Claudia Safatle: Diferentes visões travam a autonomia do BC

    Autor: Claudia Safatle

    O Congresso e o Banco Central têm visões totalmente diferentes sobre a autonomia operacional do BC e dificilmente haverá avanços nessa área no curto prazo. A aprovação de uma lei conferindo-lhe autonomia é parte da agenda de prioridades do BC e tem sido uma das medidas defendidas com afinco pelos seus presidentes há mais de uma década. Em 2002, quando Lula já eleito convidou Henrique Meirelles para ocupar o comando do Banco Central, o hoje ministro da Fazenda colocou a autonomia como uma das principais questões do seu mandato. Não foi possível votá-la até hoje.

    O argumento dos defensores da medida é que a aprovação da lei de autonomia traz muitos benefícios, tem pouco custo e nenhuma despesa pública, explicou o presidente do BC, Ilan Goldfajn, em conversa com o Valor. Os benefícios se traduziriam em queda do prêmio de risco e menos sobressaltos a cada mudança de governo.

    Os parlamentares, porém, entendem que o BC já é autônomo e que a tramitação política de um projeto de lei formalizando essa condição é de alto custo. Por essa ótica “o benefício já está presente, porque o BC é autônomo de fato, mas o custo da aprovação da lei seria elevado”, disse Ilan. A distância entre as duas leituras não permite que o tema avance.

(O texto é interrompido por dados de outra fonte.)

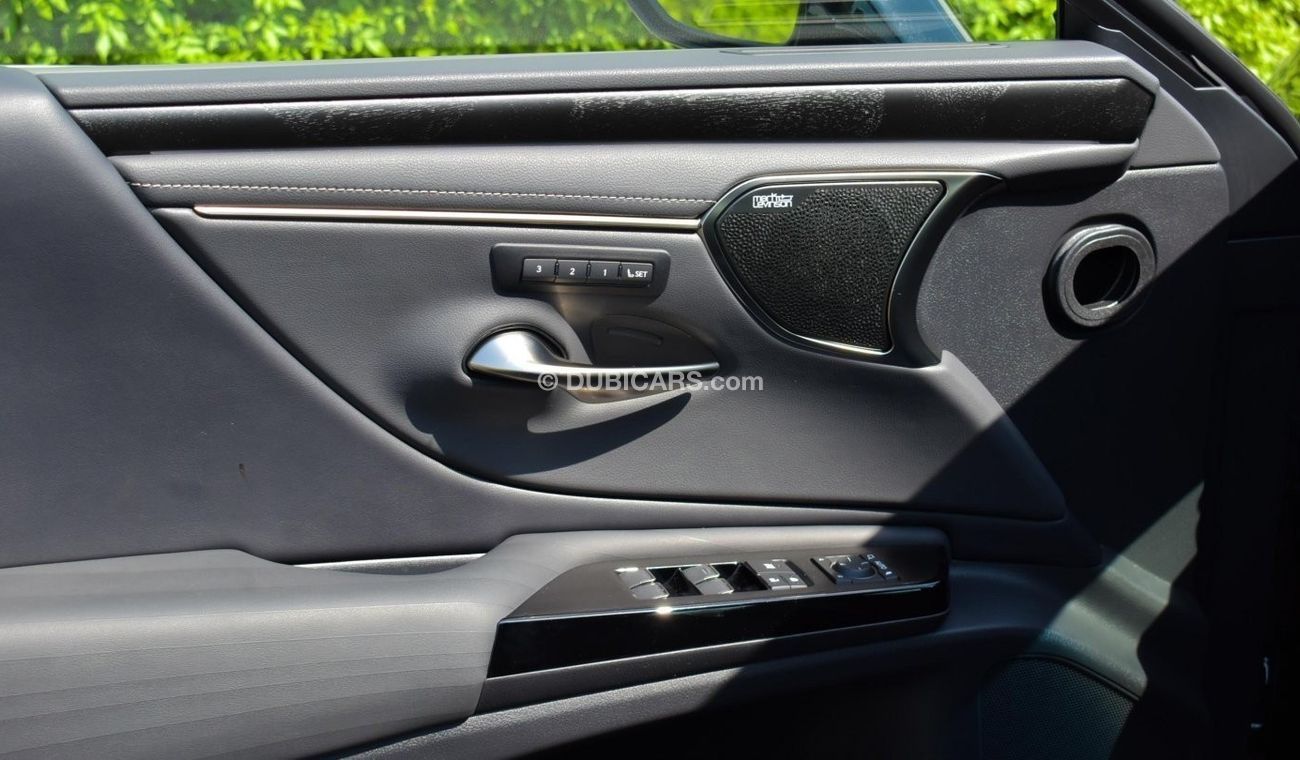 Lexus ES350 Luxury Hybrid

    Reserva de resultado corta fluxo de recursos entre BC e Tesouro

    Depois da criação da Taxa de Longo Prazo (TLP), que substituirá os Juros subsidiados do BNDES (a TJLP), o próximo passo legislativo do BC será o de um novo marco nas relações entre o Tesouro Nacional e o Banco Central. Dele constam a criação dos depósitos voluntários remunerados como mais um instrumento de política monetaria e da “reserva de resultado”, que vai abrigar os ganhos e perdas do BC com as reservas internacionais e demais operações cambiais.

    O projeto de lei foi elaborado em parceria com o senador Ricardo Ferraço (PSDB-ES) e deve ser apresentado em breve à Comissão de Assuntos Econômicos (CAE) do Senado. Em 2015, por exemplo, a valorização do dólar rendeu um ganho contábil com as reservas internacionais de R$ 260 bilhões. No ano passado, o movimento foi inverso, a desvalorização do dólar representou uma perda de R$ 324,123 bilhões. Hoje o Banco Central tem que repassar os ganhos para o Tesouro e esse tem que ressarcir o BC de suas perdas, em operações que são feitas com defasagem no tempo.

    A troca de resultados contábeis, cujos valores são altos e voláteis, causa distorções e, no limite, acaba financiando o aumento do gasto primário do governo com expansão monetária, por meio de troca de fontes do Orçamento.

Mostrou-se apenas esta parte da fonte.